Raw data ▸
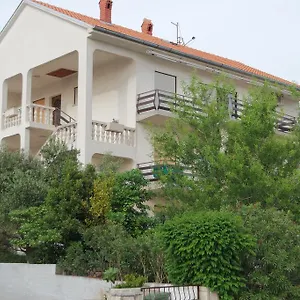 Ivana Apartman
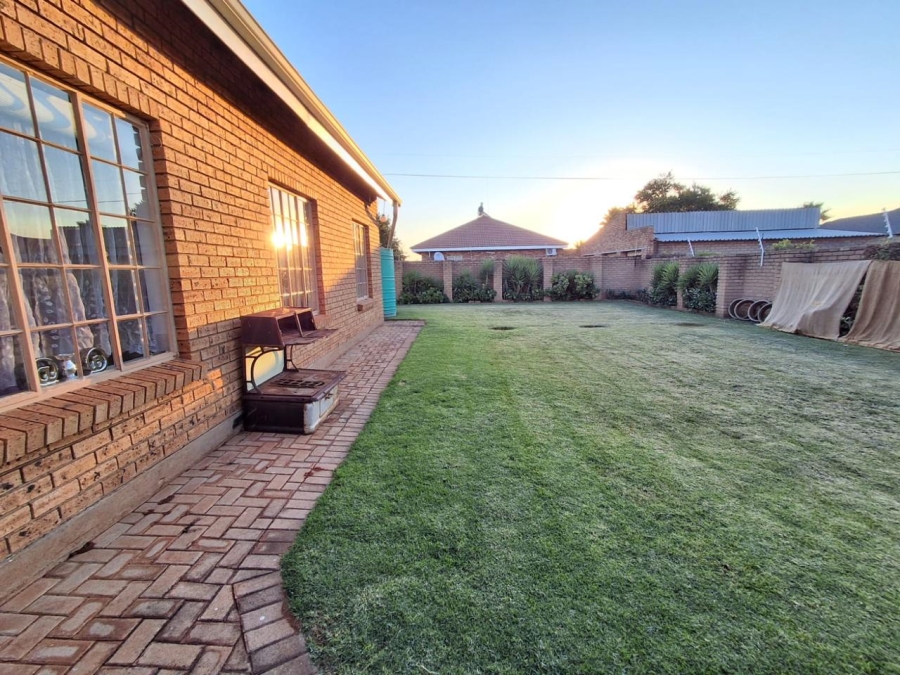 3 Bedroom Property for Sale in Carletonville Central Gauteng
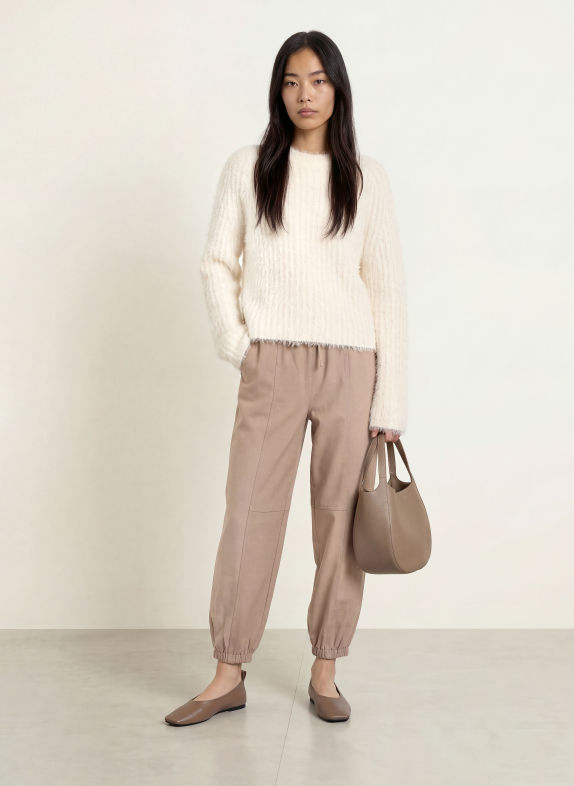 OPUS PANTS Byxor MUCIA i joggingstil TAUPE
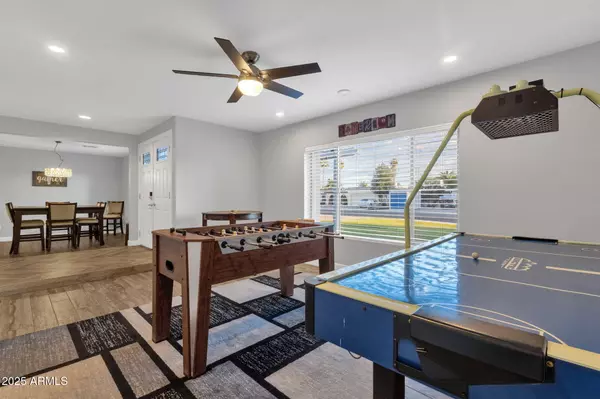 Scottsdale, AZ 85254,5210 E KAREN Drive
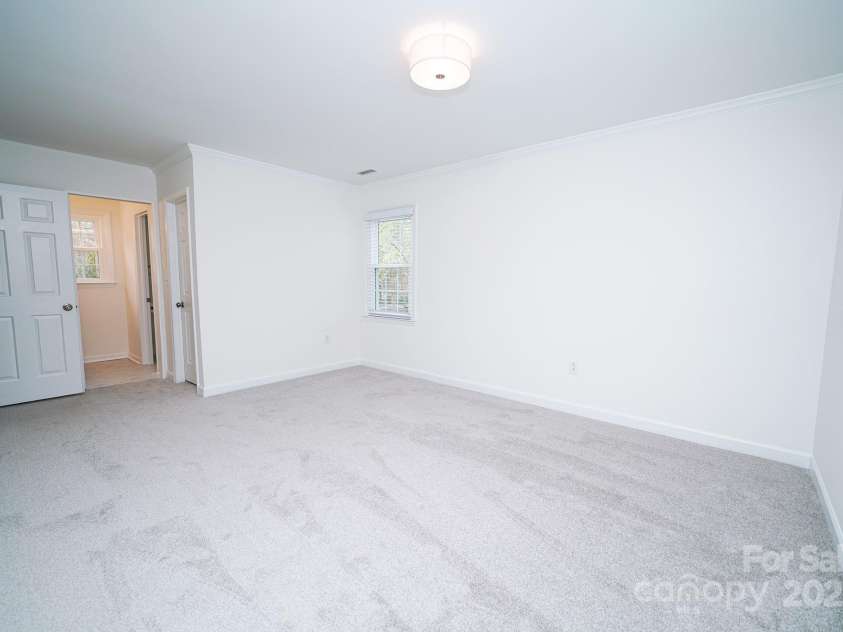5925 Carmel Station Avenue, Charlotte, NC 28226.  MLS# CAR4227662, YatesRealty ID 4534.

==

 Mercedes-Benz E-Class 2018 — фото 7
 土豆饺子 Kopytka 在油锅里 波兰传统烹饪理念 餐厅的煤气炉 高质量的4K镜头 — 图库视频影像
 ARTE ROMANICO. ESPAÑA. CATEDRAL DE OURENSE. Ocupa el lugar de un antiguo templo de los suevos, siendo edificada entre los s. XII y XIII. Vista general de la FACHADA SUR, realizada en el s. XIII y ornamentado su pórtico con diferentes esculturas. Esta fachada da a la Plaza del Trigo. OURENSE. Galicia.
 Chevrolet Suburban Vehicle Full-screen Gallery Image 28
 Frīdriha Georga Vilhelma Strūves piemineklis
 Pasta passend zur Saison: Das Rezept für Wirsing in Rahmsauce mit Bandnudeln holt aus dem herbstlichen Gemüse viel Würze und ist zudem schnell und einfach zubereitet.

...

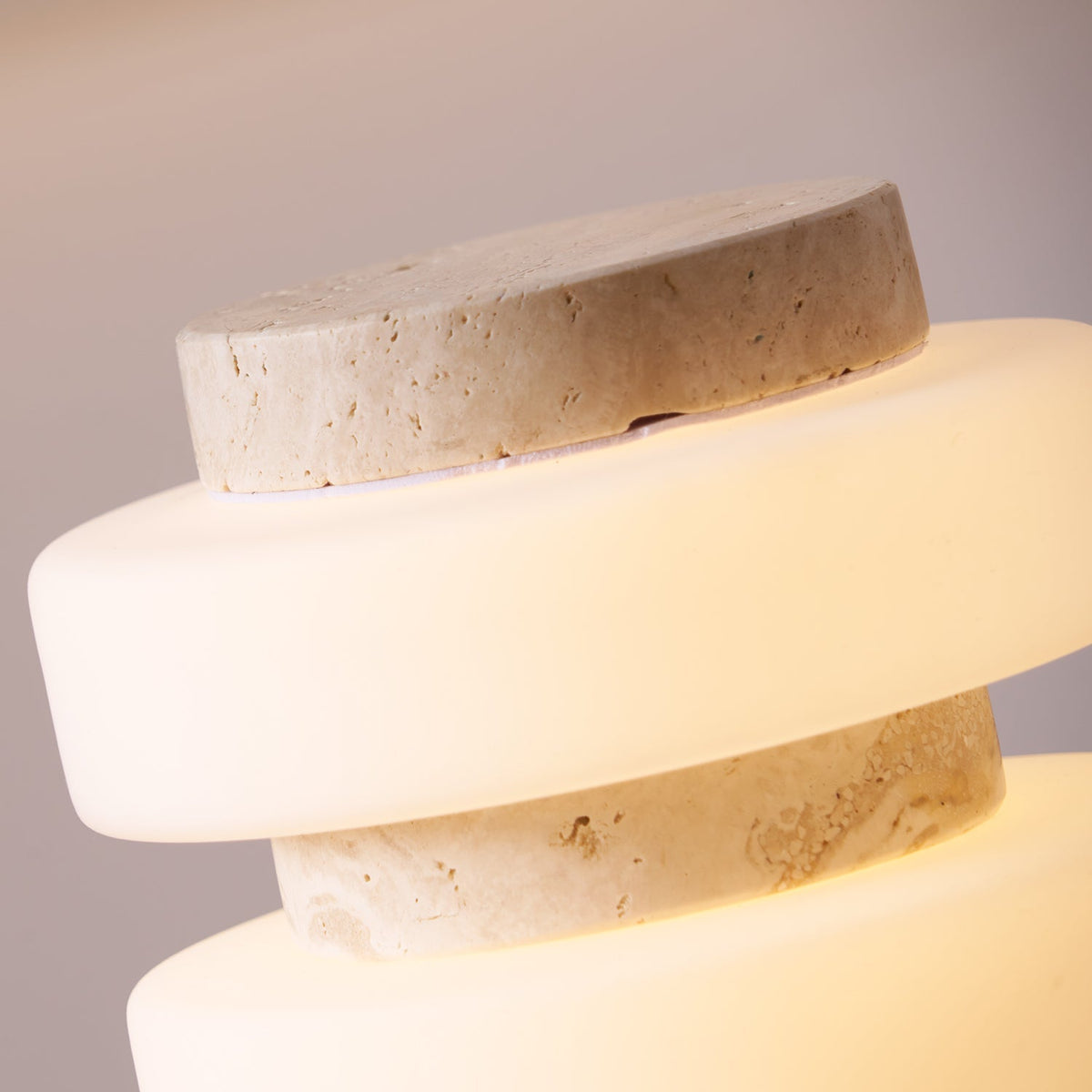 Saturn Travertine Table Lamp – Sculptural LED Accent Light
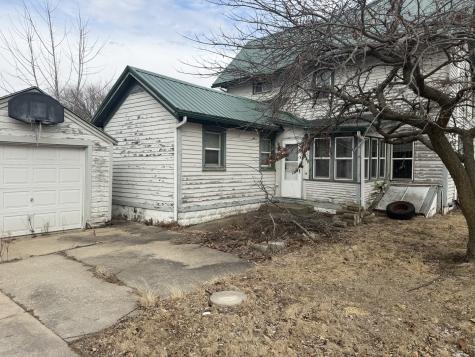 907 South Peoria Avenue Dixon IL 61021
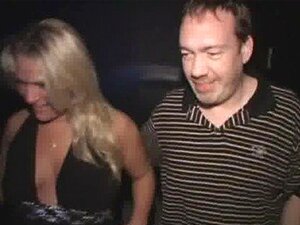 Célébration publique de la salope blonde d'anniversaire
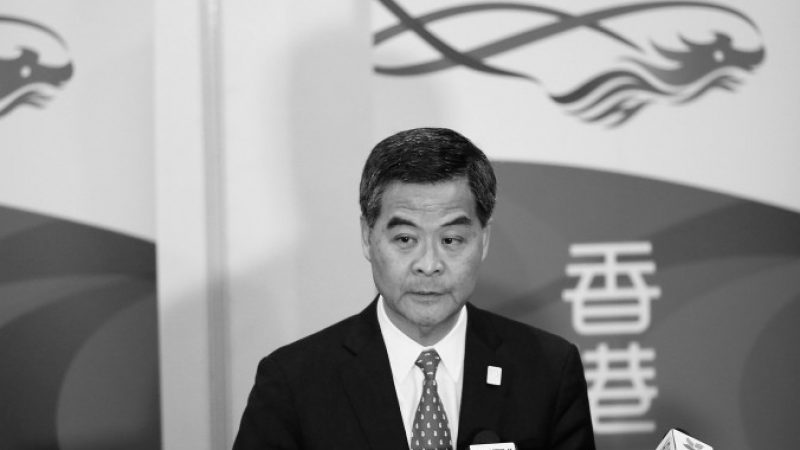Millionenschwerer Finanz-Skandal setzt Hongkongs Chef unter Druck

Task ▸
For this exercise, please set down exactly the lines of the listing above from the line with "3 Bedroom Property" up to and including the line with "5925 Carmel Station", and no pictures.

Answer box ▸
 3 Bedroom Property for Sale in Carletonville Central Gauteng
 OPUS PANTS Byxor MUCIA i joggingstil TAUPE
 Scottsdale, AZ 85254,5210 E KAREN Drive
5925 Carmel Station Avenue, Charlotte, NC 28226.  MLS# CAR4227662, YatesRealty ID 4534.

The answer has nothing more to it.